# Data shown:
=-=-=-=-=

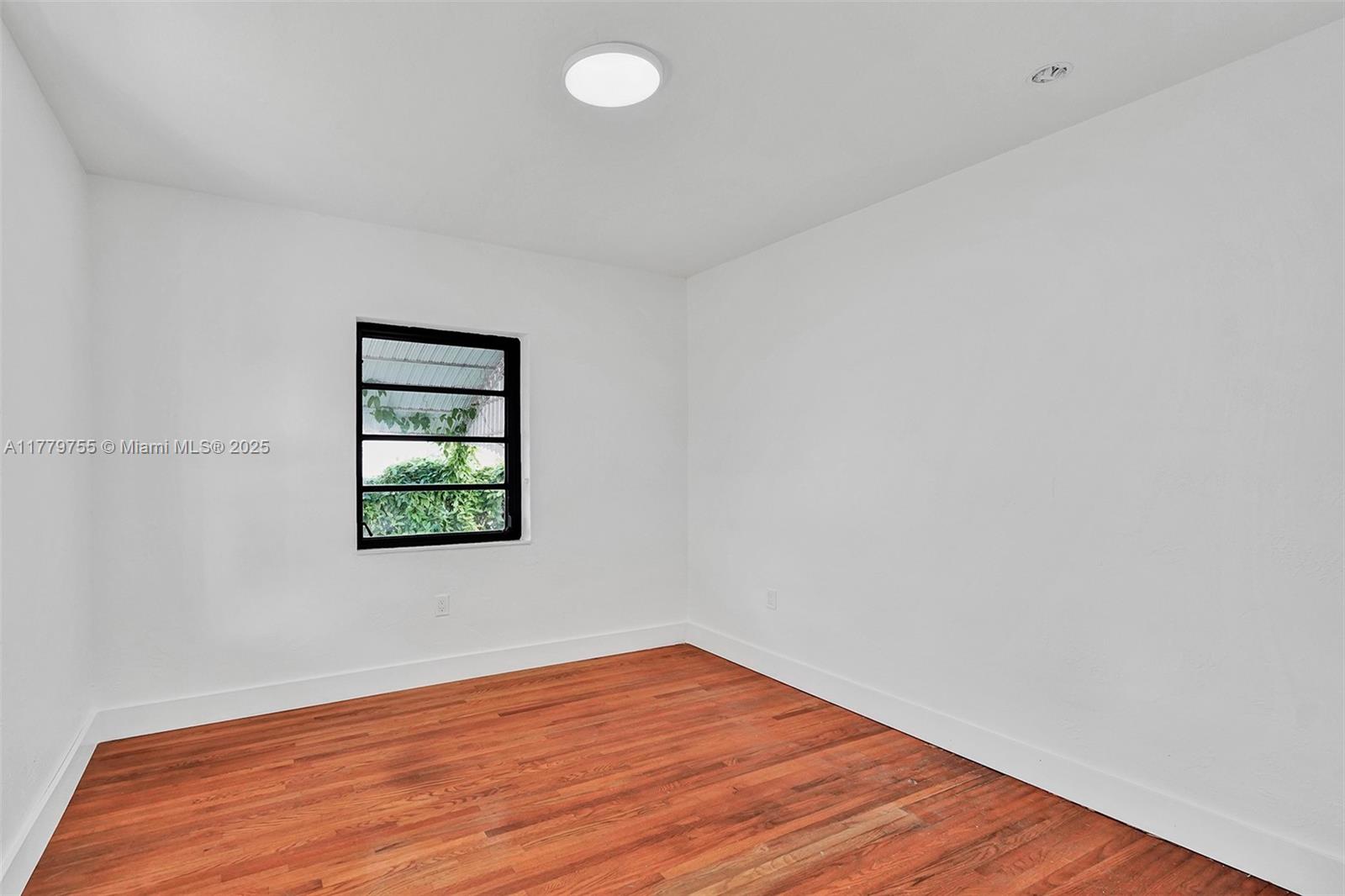 9173 Byron Avenue Surfside, FL 33154 - Photo 10 of 25 a view of an empty room with wooden floor and a window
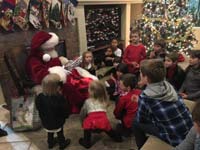 047-Aiden's_annual_Christmas_party-waiting_for_Santa_to_present_Kenny's_gift
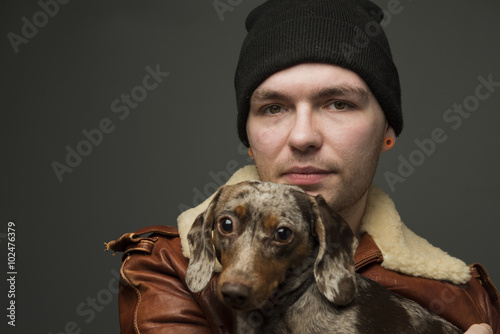 Best friends/Handsome young man wearing leather jacket & black watch cap holding small dapple dachshund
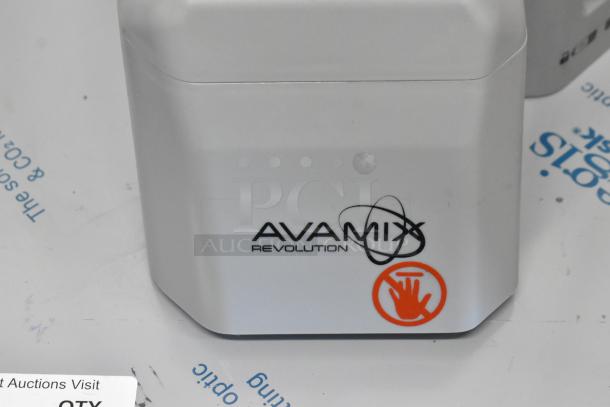 AvaMix continuous feed head with "Revolution" logo and safety warning, part of 3 food processor items including grating and slicing blades.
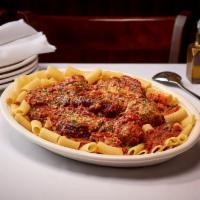 Pasta With Ragu · A Mixture of Shredded Beef, Meatballs, Pork Braciola & Italian Sausage - Slow-Cooked in a Ri...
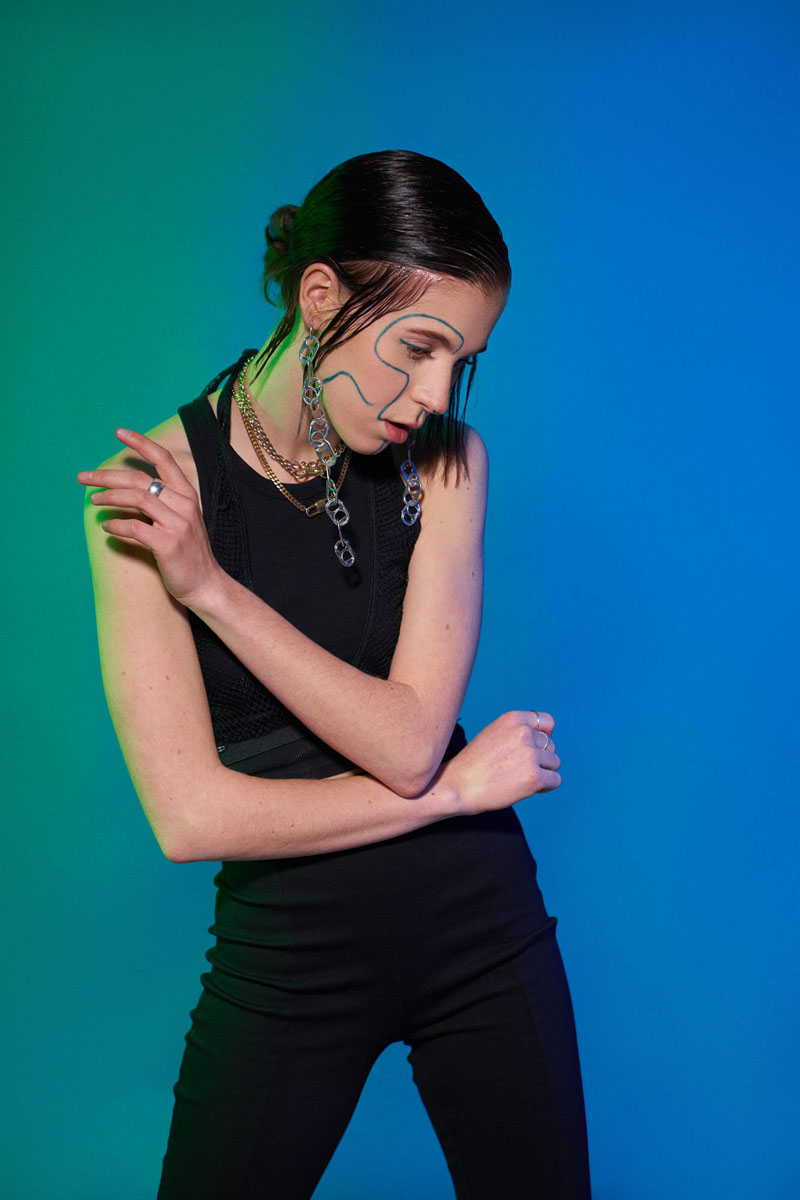 Ganzkörper-Portrait mit dynamischer Armbewegung, grün-blaue Farbbeleuchtung, schwarzes Outfit mit künstlerischem Make-up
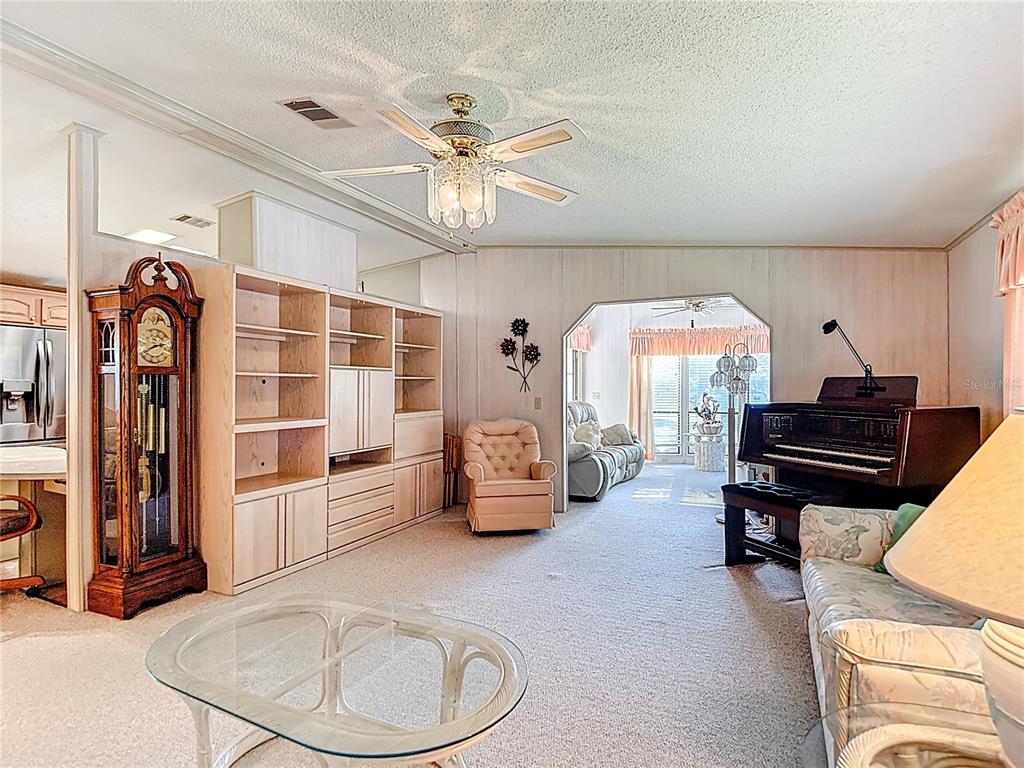 14761 Rialto Avenue Brooksville, FL 34613 - Photo 6 of 23 a living room with furniture and a chandelier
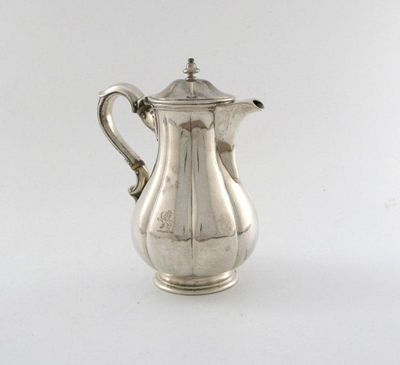 Appraisal: A Victorian silver hot water jug lobed baluster form scroll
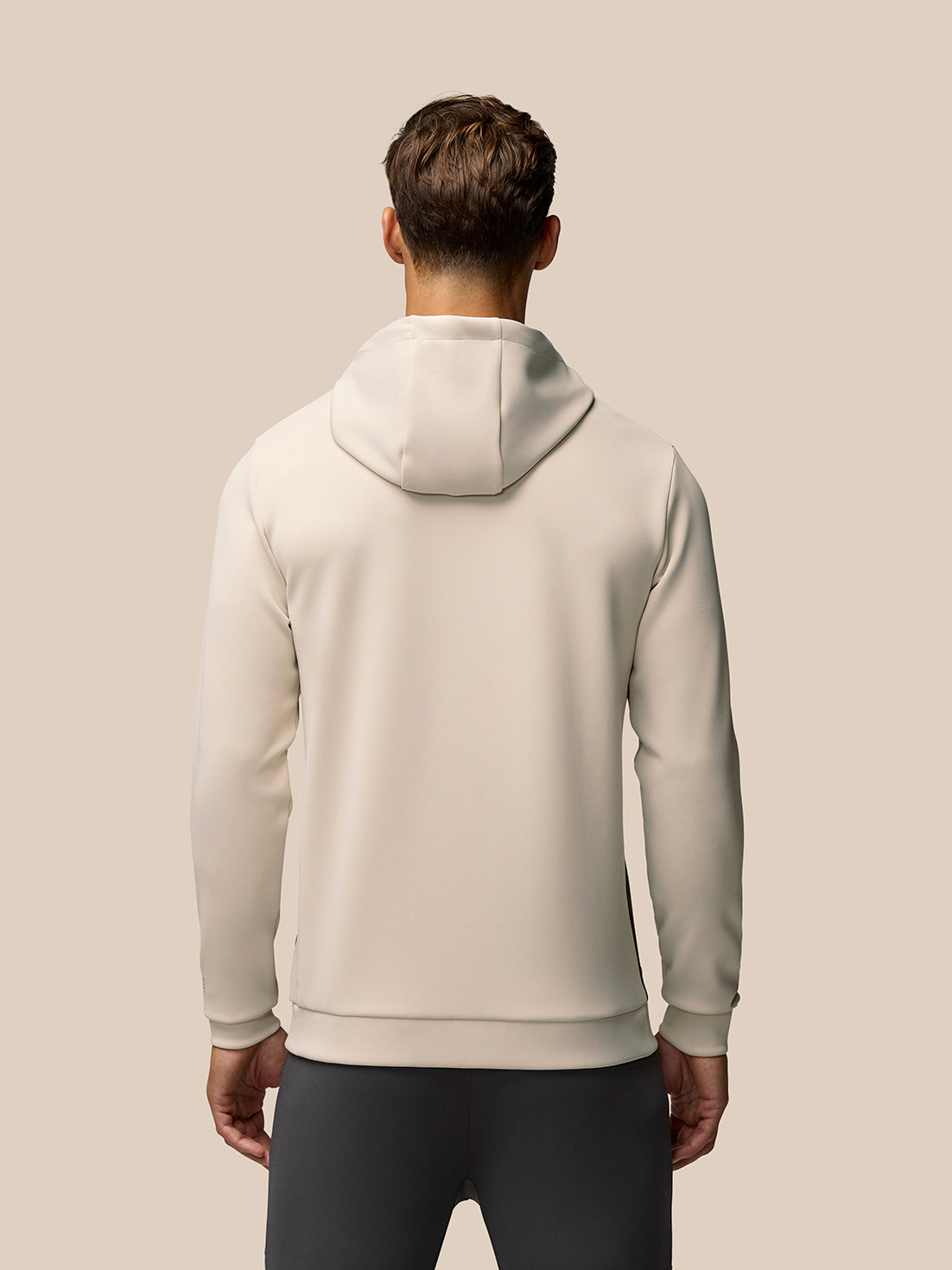Back view of beige Flex Lifestyle Hoodie on male model with hood down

=-=-=-=-=

# What you are asked to do:
Pictures aside, reproduce exactly the lines from the one containing "Ganzkörper-Portrait mit dynamischer" to the end of the listing above, both ends included.

# Response area:
 Ganzkörper-Portrait mit dynamischer Armbewegung, grün-blaue Farbbeleuchtung, schwarzes Outfit mit künstlerischem Make-up
 14761 Rialto Avenue Brooksville, FL 34613 - Photo 6 of 23 a living room with furniture and a chandelier
 Appraisal: A Victorian silver hot water jug lobed baluster form scroll
Back view of beige Flex Lifestyle Hoodie on male model with hood down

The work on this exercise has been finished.